[Start of section]
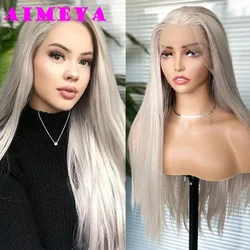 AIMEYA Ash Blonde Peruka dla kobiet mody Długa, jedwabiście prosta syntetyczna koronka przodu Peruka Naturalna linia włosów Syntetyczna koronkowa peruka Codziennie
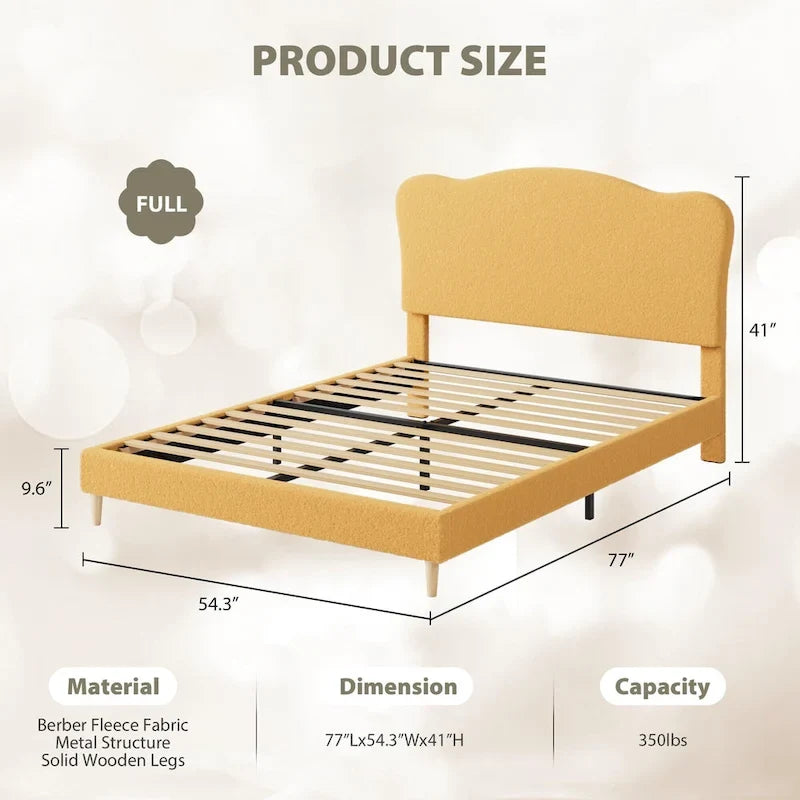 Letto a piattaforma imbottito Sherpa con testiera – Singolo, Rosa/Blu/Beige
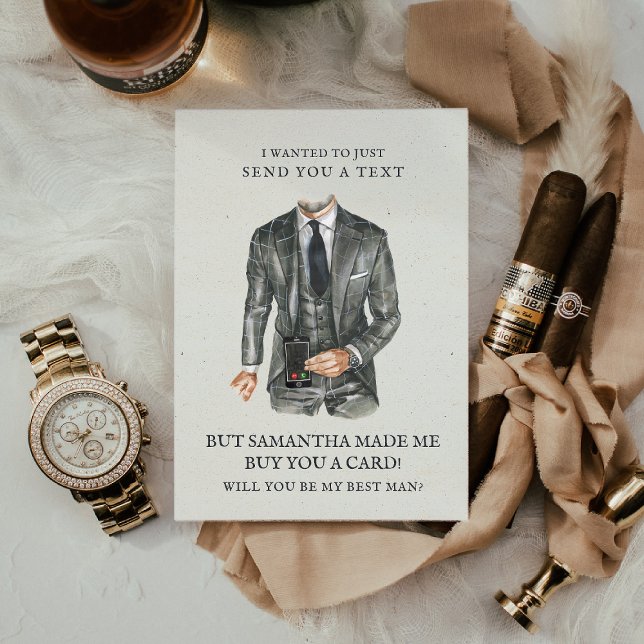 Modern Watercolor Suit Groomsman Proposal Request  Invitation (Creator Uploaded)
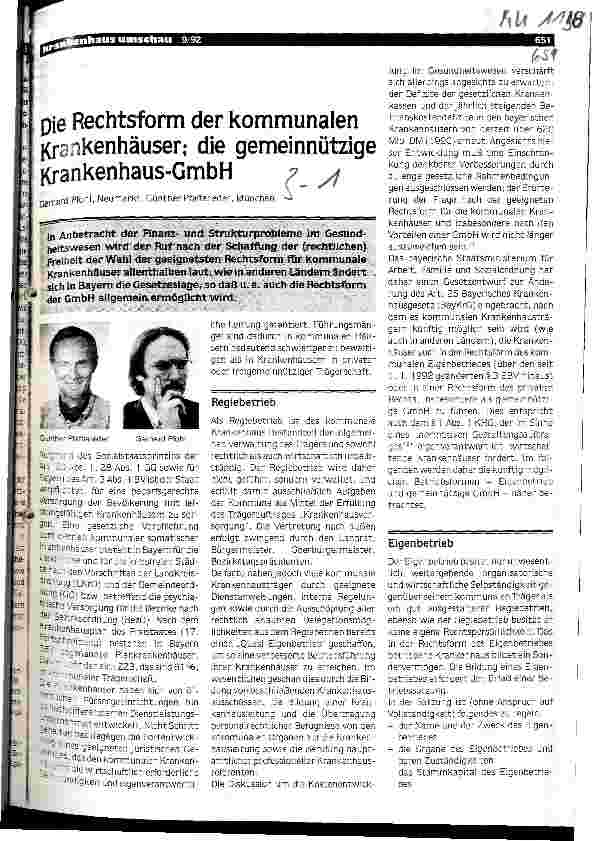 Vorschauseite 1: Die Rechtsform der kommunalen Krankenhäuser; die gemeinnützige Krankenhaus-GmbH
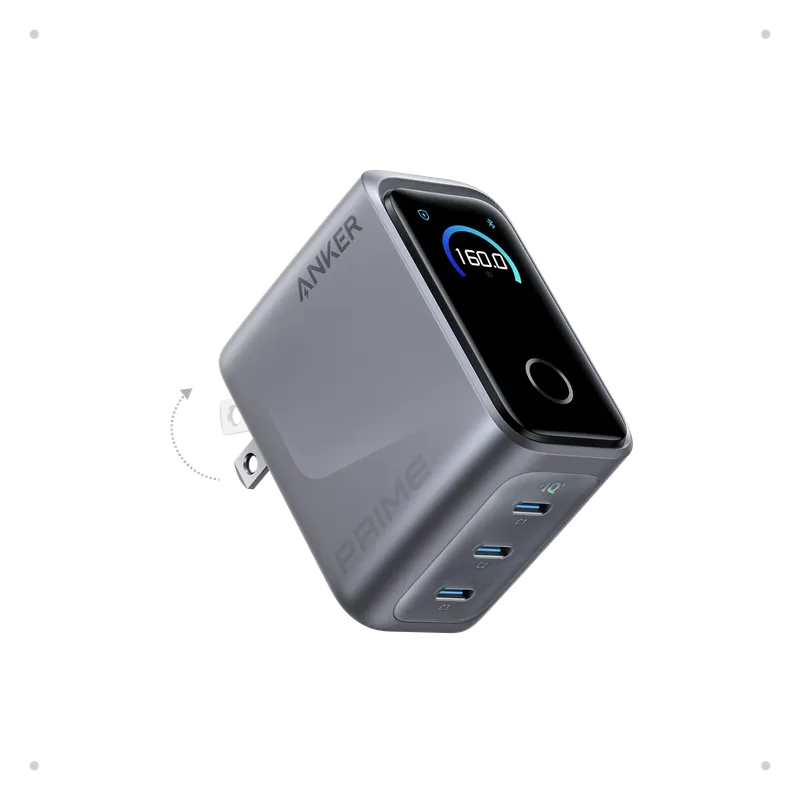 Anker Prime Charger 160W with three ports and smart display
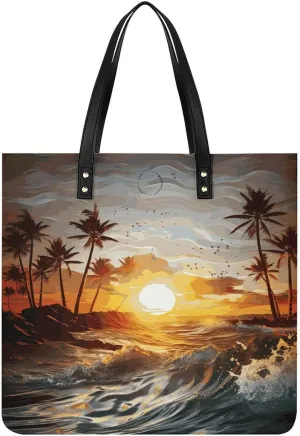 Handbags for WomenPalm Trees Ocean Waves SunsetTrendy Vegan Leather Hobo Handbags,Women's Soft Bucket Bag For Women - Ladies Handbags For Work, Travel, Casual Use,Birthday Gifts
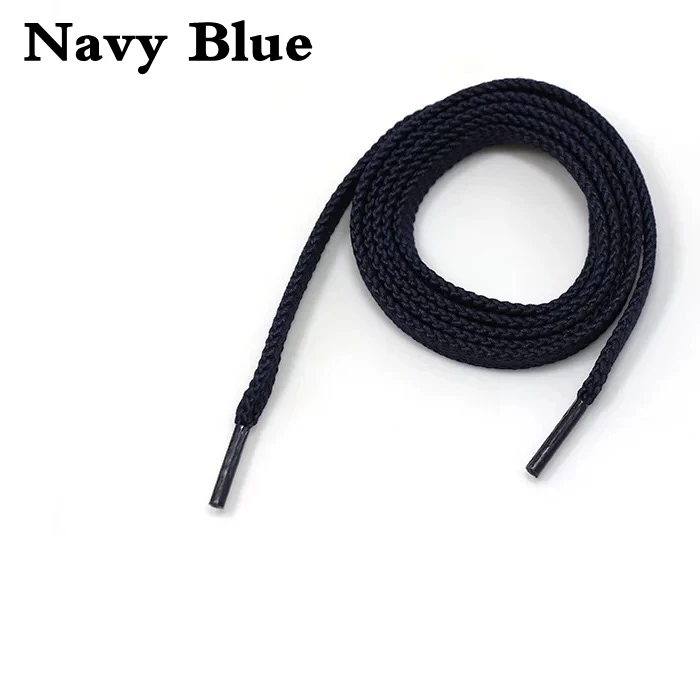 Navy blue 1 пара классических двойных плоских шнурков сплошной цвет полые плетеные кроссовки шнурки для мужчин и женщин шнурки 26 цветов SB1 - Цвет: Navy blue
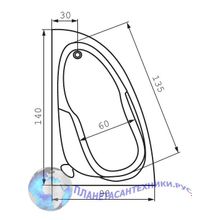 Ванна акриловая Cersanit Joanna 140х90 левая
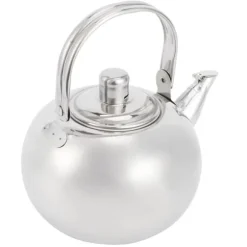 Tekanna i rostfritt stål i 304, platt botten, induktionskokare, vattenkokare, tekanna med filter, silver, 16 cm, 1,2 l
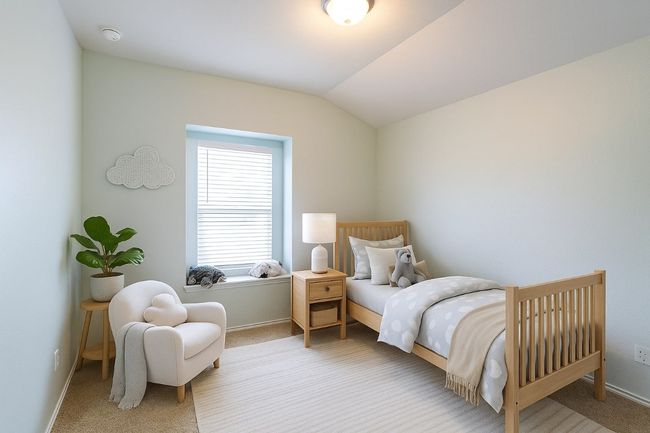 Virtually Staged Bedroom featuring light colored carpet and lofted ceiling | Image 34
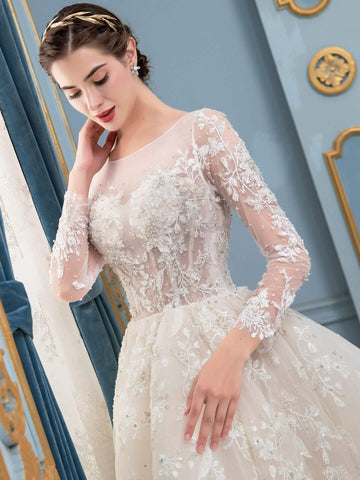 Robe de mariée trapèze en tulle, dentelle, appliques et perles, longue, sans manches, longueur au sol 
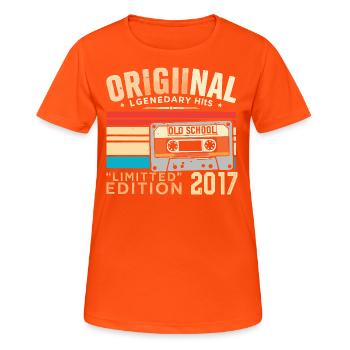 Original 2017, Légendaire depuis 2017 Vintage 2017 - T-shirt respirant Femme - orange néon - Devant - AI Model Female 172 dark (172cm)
[End of section]
WORK INSTRUCTIONS
The answer is the records above, repeated exactly, with no picture in it.

RESULT OF THIS TASK
 AIMEYA Ash Blonde Peruka dla kobiet mody Długa, jedwabiście prosta syntetyczna koronka przodu Peruka Naturalna linia włosów Syntetyczna koronkowa peruka Codziennie
 Letto a piattaforma imbottito Sherpa con testiera – Singolo, Rosa/Blu/Beige
 Modern Watercolor Suit Groomsman Proposal Request  Invitation (Creator Uploaded)
 Vorschauseite 1: Die Rechtsform der kommunalen Krankenhäuser; die gemeinnützige Krankenhaus-GmbH
 Anker Prime Charger 160W with three ports and smart display
 Handbags for WomenPalm Trees Ocean Waves SunsetTrendy Vegan Leather Hobo Handbags,Women's Soft Bucket Bag For Women - Ladies Handbags For Work, Travel, Casual Use,Birthday Gifts
 Navy blue 1 пара классических двойных плоских шнурков сплошной цвет полые плетеные кроссовки шнурки для мужчин и женщин шнурки 26 цветов SB1 - Цвет: Navy blue
 Ванна акриловая Cersanit Joanna 140х90 левая
 Tekanna i rostfritt stål i 304, platt botten, induktionskokare, vattenkokare, tekanna med filter, silver, 16 cm, 1,2 l
 Virtually Staged Bedroom featuring light colored carpet and lofted ceiling | Image 34
 Robe de mariée trapèze en tulle, dentelle, appliques et perles, longue, sans manches, longueur au sol 
 Original 2017, Légendaire depuis 2017 Vintage 2017 - T-shirt respirant Femme - orange néon - Devant - AI Model Female 172 dark (172cm)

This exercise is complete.